Геннадий Рождественский – фигура культовая, человек-эпоха. С середины 70-х годов Рождественский стал одним из самых авторитетных дирижеров Европы и мира. В год своего 75-летия Геннадий Николаевич Рождественский полон сил и бодро заявляет, что, как и прежде, ощущает себя «рабочей лошадью».
– Геннадий Николаевич, часто ли приходится в последнее время ездить по миру с гастролями?
– Особенно много последние пятьдесят лет.
– И много стран за это время вы успели объехать?
– Остров Таити еще не освоен.
– В одном из интервью вы сказали, что чем ближе к Средиземноморью, тем музыка хуже. Не прокомментируете это высказывание?
– Я имел в виду не качество сочиненной музыки, а прежде всего культуру симфонических оркестров. Музыка сама по себе замечательная – к примеру, неаполитанские песни. А вот сыграть в южных краях, скажем, Двойной концерт Бориса Тищенко как-то не получается пока, и думаю, что не получится никогда. Это всё из-за Гольфстрима. Дело здесь не в эрудиции, а в примитивных вещах. От людей требуется хотя бы минимальная заинтересованность в том, что они делают, и уважение к труду. Во многих южных странах это отсутствует. Но Азия все же поднимается – Япония, Китай, Корея и даже Малайзия.

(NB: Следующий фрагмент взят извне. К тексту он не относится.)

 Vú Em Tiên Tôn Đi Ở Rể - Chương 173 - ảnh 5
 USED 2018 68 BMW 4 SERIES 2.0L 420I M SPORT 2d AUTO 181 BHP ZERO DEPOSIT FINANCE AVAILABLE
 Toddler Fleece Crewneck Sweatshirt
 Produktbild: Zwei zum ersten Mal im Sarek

– В свое время вы подписали письмо против возвращения, казалось бы, навсегда ушедшего гимна Советского Союза. Вы считаете, что с песней может вернуться время?
– Не думаю, что вместе с песней может вернуться время, но ведь это не песня – это государственный гимн. Поэтому, может быть, известная доля не то что опасности, но неприятного ощущения от вставания при звуках этой мелодии, у меня есть. Но если абстрагироваться от политического содержания текста гимна, то не знаю, чем был плох, например, «Интернационал» Дегейтера? Или «Марсельеза» Руже де Лиля? Мы сейчас подойдем к вопросу о массовой песне. Скажем, сегодня песню «Катюша» Блантера поют все, поют иностранцы – японцы, китайцы, корейцы, кто хотите, не отдавая себе отчета в том, как эта песня родилась.

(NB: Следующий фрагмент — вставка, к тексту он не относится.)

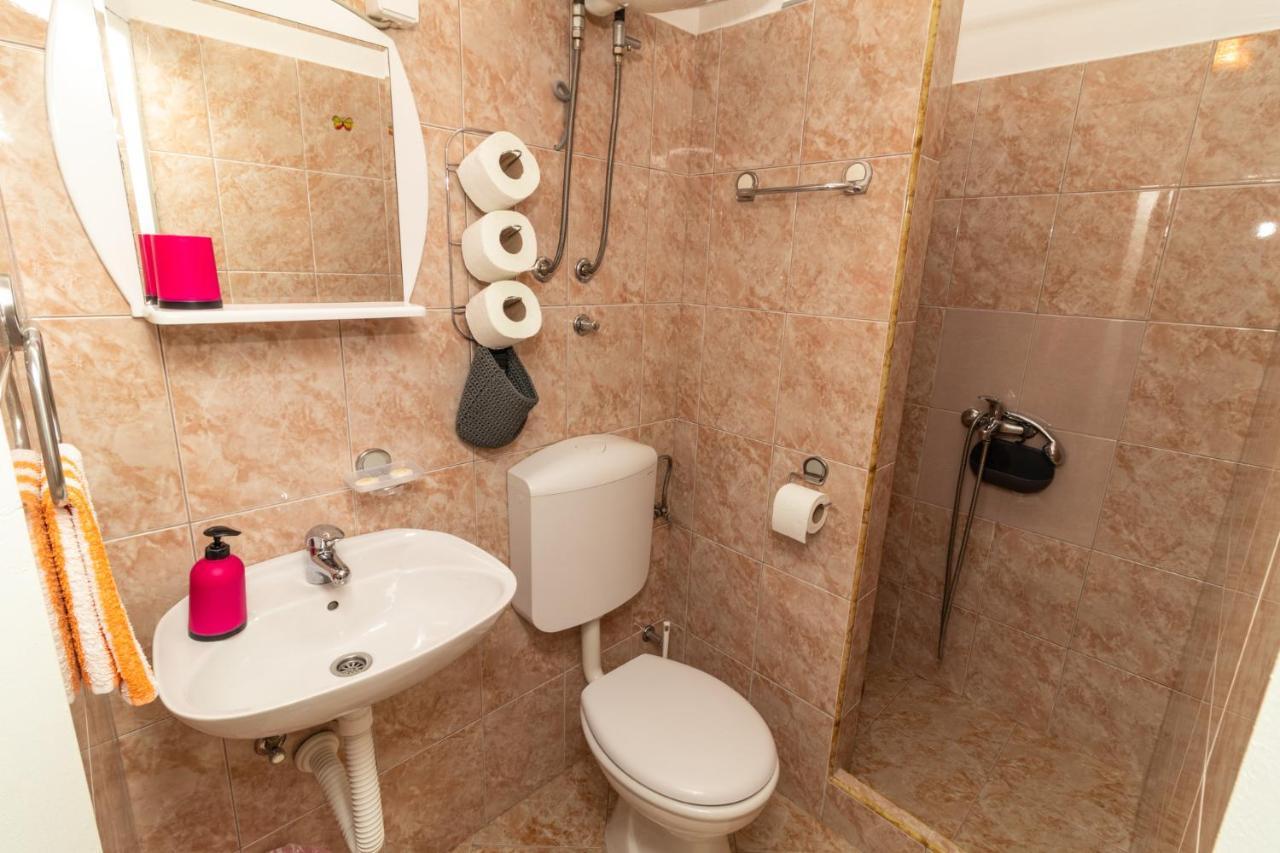Studio Apartman Djakovic Herceg Novi Buitenkant foto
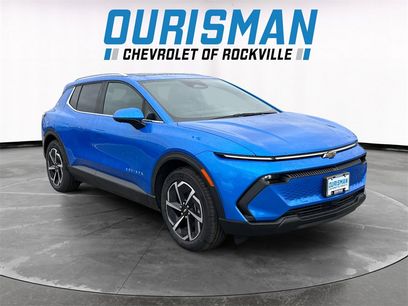 New 2026 Chevrolet Equinox EV LT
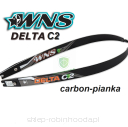Ramiona WNS Delta C2 Carbon Winners carbon pianka - ramiona ILF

– Вы – известный пропагандист Новой музыки. Сегодня бытует мнение, что эта «современная музыка» написана по законам, противоречащим человеческому слуху, что ее слушать неудобно.

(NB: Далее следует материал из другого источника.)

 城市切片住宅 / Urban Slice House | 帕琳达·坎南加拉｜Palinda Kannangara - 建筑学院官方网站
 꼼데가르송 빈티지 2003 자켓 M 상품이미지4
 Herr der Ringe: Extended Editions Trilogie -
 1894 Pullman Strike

– А разве удобно слушать, например, Джезуальдо ди Веноза? Не всегда. Удобство – термин, не совсем подходящий к искусству, хотя его все ждут – удобства отдыха, наслаждения и так называемой красоты.
Известен случай, который произошел в Бельгии. В Брюсселе жил известный музыковед Поль Коллар, который специализировался на современной музыке, писал о ней много книг. У себя дома он слушал современную музыку на проигрывателе изо дня в день. Так продолжалось много лет. У музыковеда была кухарка, которая все это тоже слушала изо дня в день. Но однажды он почему-то поставил на проигрывателе увертюру к «Дон Жуану» Моцарта. Кухарка вбежала из кухни с воплем: «Что это за ужас!»
– Вы застали разные времена в России. Как вы думаете, к чему привел взятый ею курс на свободу?
– Разве свобода, которая существует сегодня, не является идеологической установкой государства? Во всяком случае, по своей работе я это чувствую. Когда при товарище Сталине я служил в Большом театре, то если спектакль задерживался на одну минуту – это было невероятное событие. Директор театра должен был писать объяснительную записку, почему это произошло, в Московский Совет депутатов трудящихся. Одна минута! Это дисциплина тоталитарного режима – подход к искусству с армейских позиций. Свободу со знаком плюс понимают как свободу мысли, свободу высказывания, свободу творчества, свободу передвижения и т.д. В то же время существует свобода плохого вкуса, что очень опасно, свобода плохого вкуса и его пропаганда СМИ – очень опасная штука.
– В сфере академической музыки раньше свобода регламентировалась партией, сегодня – менеджментом и коммерческой выгодой.
– Я отвечу, что происходила и происходит борьба этих свобод. Мне, например, трудно было привыкнуть к ситуации, в условиях которой я мог играть, что хочу, когда хочу и где хочу. Но именно три этих условия определяют мою деятельность сегодня. Финансовый вопрос, безусловно, очень серьезен и очень тягостен, поскольку мы не привыкли быть лишенными заботы государства и гарантированного вкачивания финансов в искусство так, как это было при советской власти. Сегодня этого нет, практически все работают на самоокупаемость. В репертуарной политике приходится бороться с точки зрения кассовости программ. Я часто испытываю давление со стороны менеджеров, требующих популярной музыки в моих программах. Против «Итальянского каприччио» Чайковского, «Шахерезады» Римского-Корсакова или «Болеро» Равеля, например, я ничего не имею – это блестящие сочинения. Но если мы будем крутиться все время только с этой репертуарной обоймой, то далеко не уедем.